To the members of the School Committee:
There are thousands of parents of school children in Longmeadow. With respect to the Superintendent’s contract, you have not heard from most of them. I cannot speak for them, any more than the people attending your meetings can speak for the parents and residents who have not voiced their opinions. I can say, however, that the politicization of this issue makes it awkward for those who have not chosen a side and do not wish to do so. It also makes people want to hold their tongues.
I can say this because for the past several months, I was one of the people who held my tongue. It was only recently, when I saw the reputations of good people being smeared, that I said anything. When this controversy burst into public view in February 2018 with at least one principal, teachers, and parents rallying support for the Superintendent, none of us in the wider community knew what the facts or even the issues were, beyond hearing rumors.
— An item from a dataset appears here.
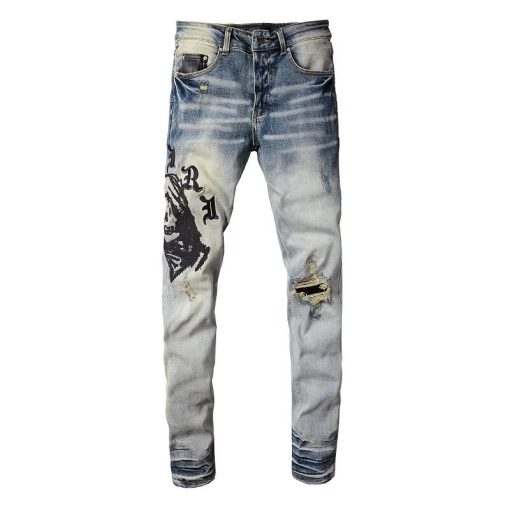 JEANS AMIRI – BLACK LOGO 2.0 - immagine 4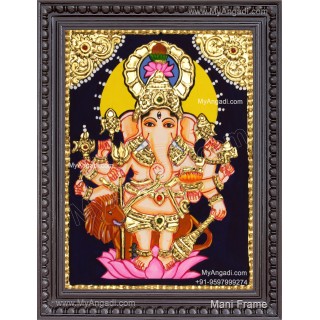 Kan Drishti Ganapathi Tanjore Painting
In February, I wondered about how a school system could function well when school department employees, whose performance evaluations are written by the Superintendent, work to secure the job of the person they report to. It is only human nature for that kind of dedication to inspire a sense of gratitude and would color the employee/employer relationship. If anyone felt differently about the Superintendent’s performance, would they dare say so? And what of the employees who just wanted to stay out of it, who just wanted to do their jobs, would their silence be conspicuous when others loudly express their support? Would you ever hear from the teacher who feels differently about the Superintendent, if the principal who writes the teacher’s annual review has expressed her loyalty to the Superintendent?
For parents with children in the schools, it is much the same. How many times have I thought over the last several months, “don’t make things harder for the kids.” Like every parent, nearly every other consideration pales in comparison to the well-being of my children. I understand that threats to bully the children of School Committee members have occurred, and I can think of no greater, or more effective, pressure tactic than that.
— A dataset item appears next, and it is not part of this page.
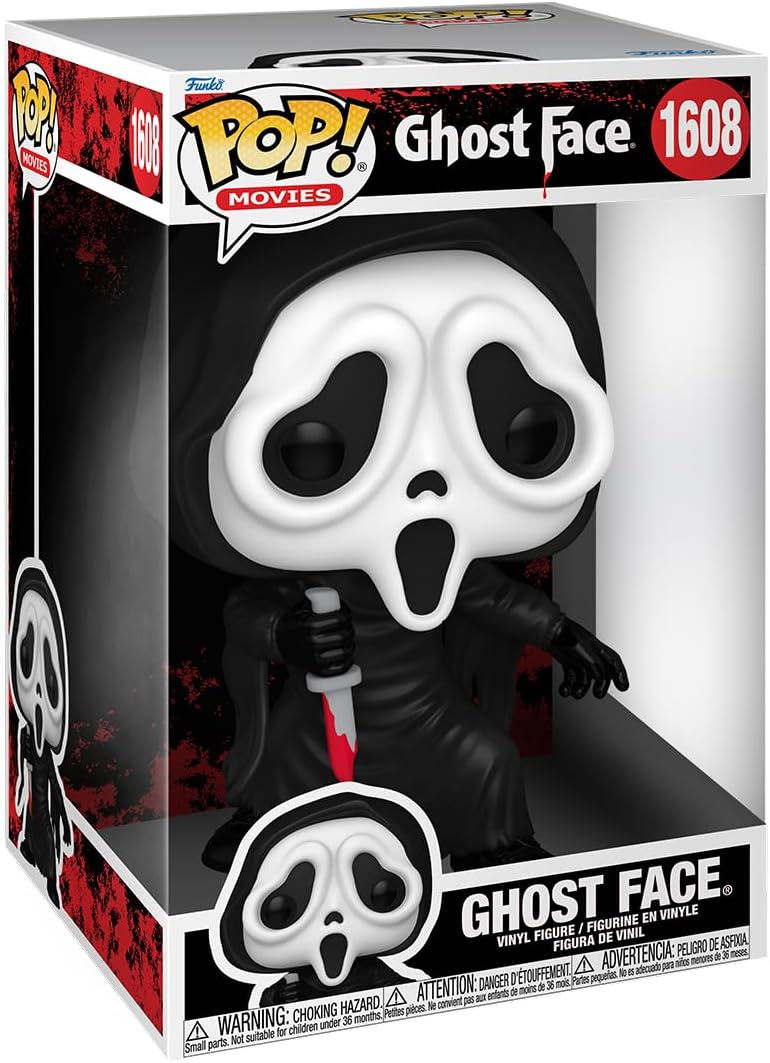 Scream Ghost Face Jumbo 10" Funko Pop! Vinyl Figure #1608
In May, when the School Committee made its public performance evaluation of the Superintendent, I still said nothing. After all, I was not present for the incidents described in the evaluation, and why incur the wrath of people who support the Superintendent? Moreover, as the coordinator of the youth track program, I was mindful of the fact that the school department controls our access to the only track in town, and I was still hopeful that our kids might yet be able to use the bathroom next to the track the school department had denied us access to. Why make it harder on the bladders of the youth athletes and the grandparents who watched our meets?
I have realized that my reticence—if only to speak up for the good character of the people I knew on the School Committee—was part of the problem. It is what allows a culture of character assassination to exist. Indeed, it is similar to one of the issues the School Committee has tackled: the problem of targeting kids and parents who raise questions about the culture of some of our sports teams.
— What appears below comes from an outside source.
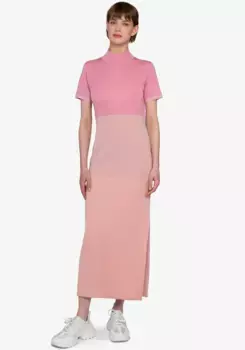 Трикотажное платье Sportalm Kitzbhel с вырезом на спине, цвет Pink Begonia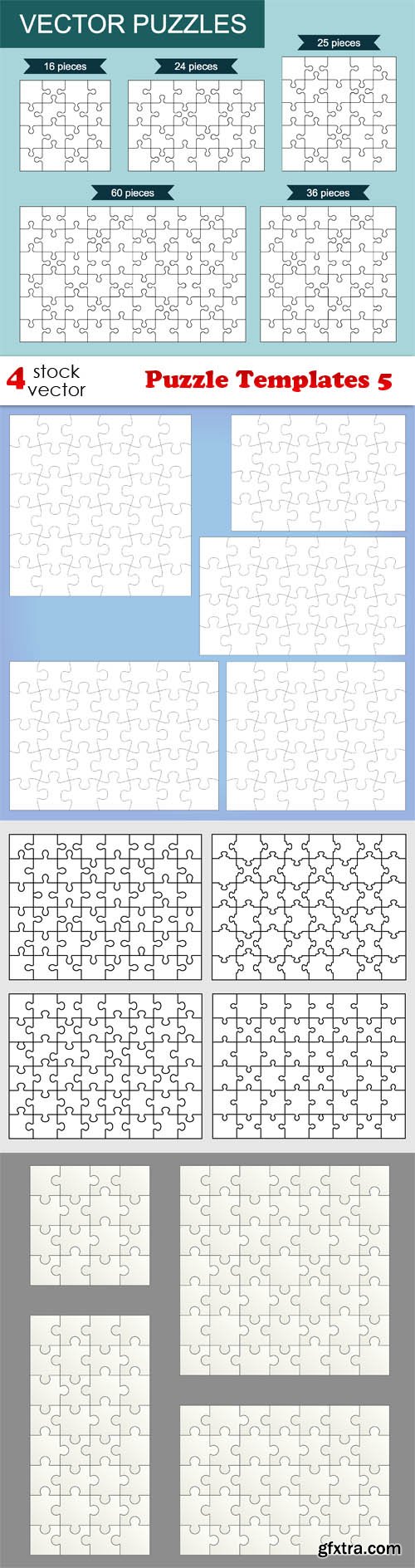 Vectors - Puzzle Templates 5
Perhaps this letter and my recent column in the Longmeadow News will make it harder on my kids. I hope not. But worse still would be a lesson that it is better to withhold your own judgment, to hold your tongue, and to go along with the vocal crowd.
If I were serving on the School Committee, it would be hard for me to evaluate the outspoken support for the Superintendent, knowing the substantial disincentives for people to say anything else. It cannot be said that the people of Longmeadow have spoken on the issue of the Superintendent’s contract. The last time they spoke was at the ballot box, when they elected you to your positions.